La classe politico - dirigente è totalmente scollata dalla società italiana, ma sopratutto estranea a quelli che sono i reali problemi della nazione. In meno di un mese: un vecchietto è stato sorpreso in un supermarket dopo aver rubato un pacco di pasta, è poi scoppiato in lacrime dicendo che non ce la faceva ad arrivare a fine mese; un uomo si è suicidato perchè non riusciva a pagare il mutuo; un padre di famigli ha fatto prostituire sua moglie, madre di due bambini di 7 e 8 anni. E' vero che ci sono famiglie che per mantenere "i vizi" contraggono debiti ovunque, senza badare troppo a quello che potrebbe accadere. Ma è anche vero che tre casi del genere sono veramente troppi in poco più di un mese. Non bastano come campanello d'allarme?
Qualcuno ha detto: sono casi isolati. Già, sono isolati forse solo perchè la maggior parte degli italiani in crisi, mostra ancora di avere una dignità ed evita di compromettere la propria reputazione, sforzandosi di non andare a rubare o fare altre "cazzate".

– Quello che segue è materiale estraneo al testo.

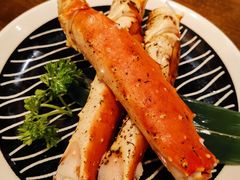 -蟹将军·松叶蟹和牛日料放题自助(K11店)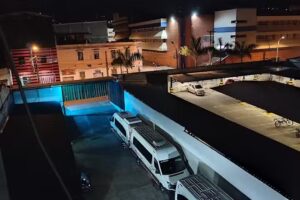 Motel Torres De La Septima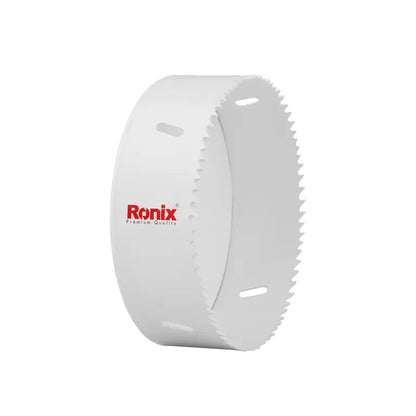 [RH-5242] Sega a Tazza Bimetallica 127mm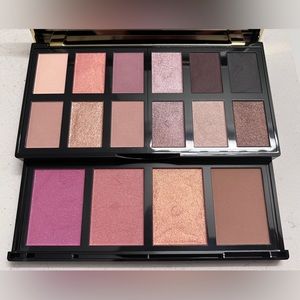 Lancôme Holiday Face & Eye Palette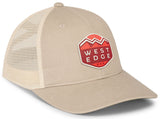 Pacific Headwear Women's Ponytail Cap Pacific Headwear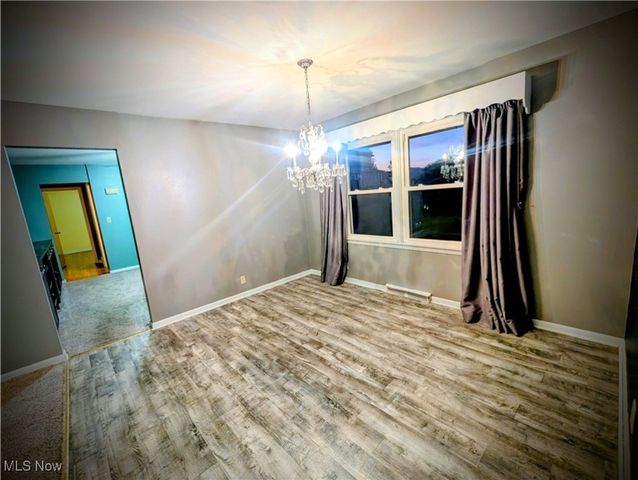 600 E South Street, Harrisville, WV 26362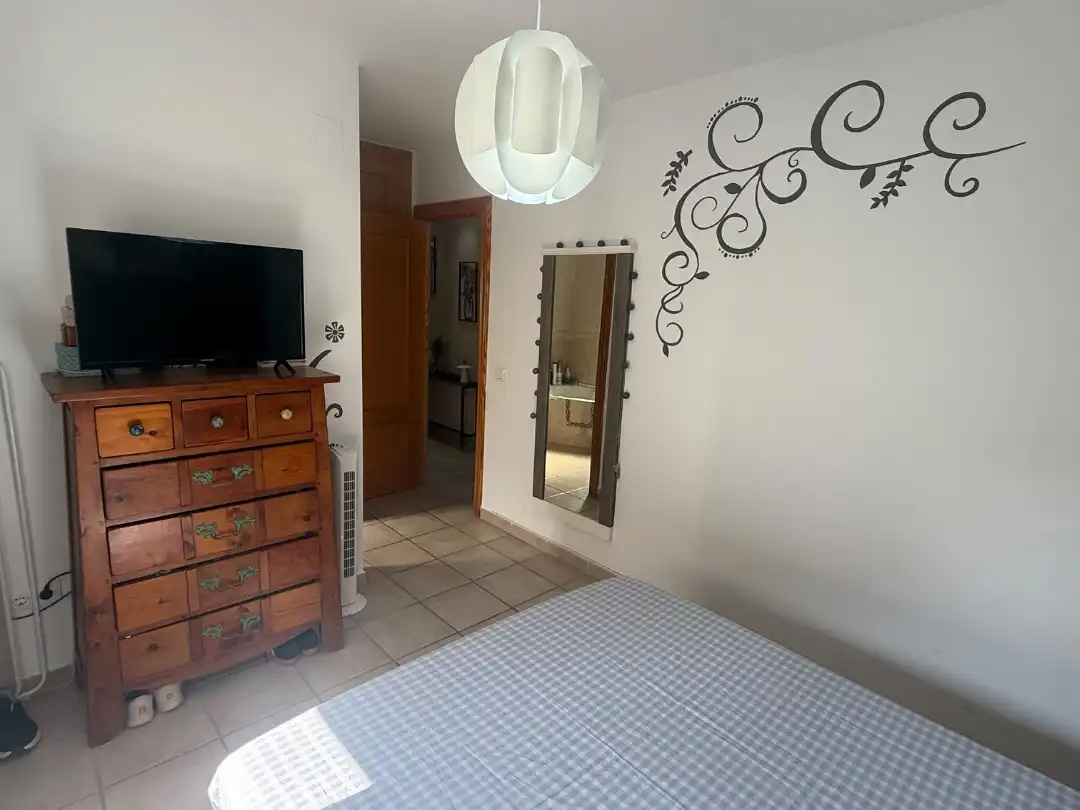 Wohnung mit Aufzug zur Miete in Cami de L’Algar 32, imagen 16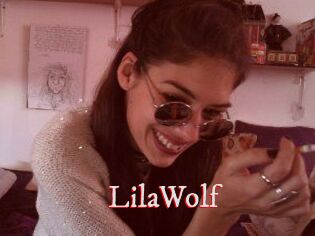 LilaWolf Pornstars Zoe
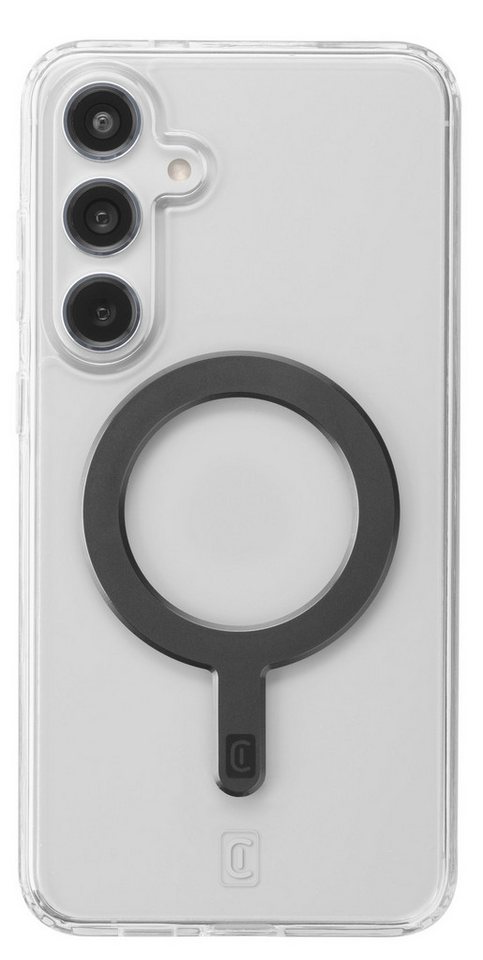 Cellularline MAG Adapter Ring Smartphone-Halterung Cellularline MAG Adapter Ring Smartphone-Halterung von Cellularline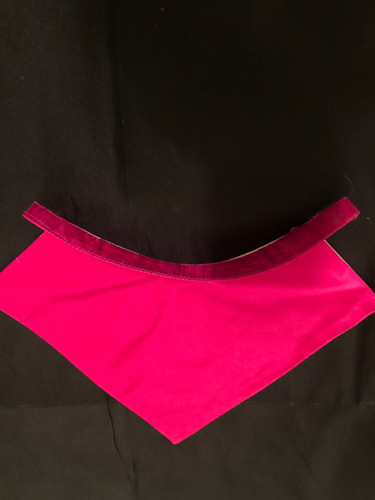 New cassock mini rabat - new, in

La classe politica si è sostituita alle classi nobili di tempi ormai andati. Non è così? Allora perchè percepiscono stipendi da favola? (la politica italiana costa più di quella della Casa Bianca). Dopo il mandato un politico va in pensione, con un mensile da capogiro... manco avesse versato i contributi. Un poveraccio dopo 40 anni di duro lavoro, va in pensione con una miseria. E poi ci vengono a parlare di stipendi bassi. Ma andassero a cagare... scusate: ma quando ci vuole ...ci vuole!

Poi ne parlano pure in televisione, credendo che non riusciamo a stupirci. Sentendoli ci cadono continuamente le braccia... e pure qualche altra cosa.

Se si va di nuovo a votare, "non voto"... tanto i membri dell'oligarchia politica italiana, oggi, si son ridotti a farsi la guerra come tra Guelfi e Ghibellini... e il popolo sta sempre sotto a guardare. La politica è come il calcio: tifiamo per una squadra, ma se vince o perde... a noi poveracci cosa ce ne viene in tasca? Nulla...


Pubblicato il 27/10/2007 alle 2.8 nella rubrica Formicolio.